Requirement: Output the data exactly, with every line intact.

Data segment:

################

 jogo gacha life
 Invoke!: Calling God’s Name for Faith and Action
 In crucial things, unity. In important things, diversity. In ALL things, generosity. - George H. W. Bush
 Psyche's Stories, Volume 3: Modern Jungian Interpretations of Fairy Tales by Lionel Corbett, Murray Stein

################

Problem solution:
 jogo gacha life
 Invoke!: Calling God’s Name for Faith and Action
 In crucial things, unity. In important things, diversity. In ALL things, generosity. - George H. W. Bush
 Psyche's Stories, Volume 3: Modern Jungian Interpretations of Fairy Tales by Lionel Corbett, Murray Stein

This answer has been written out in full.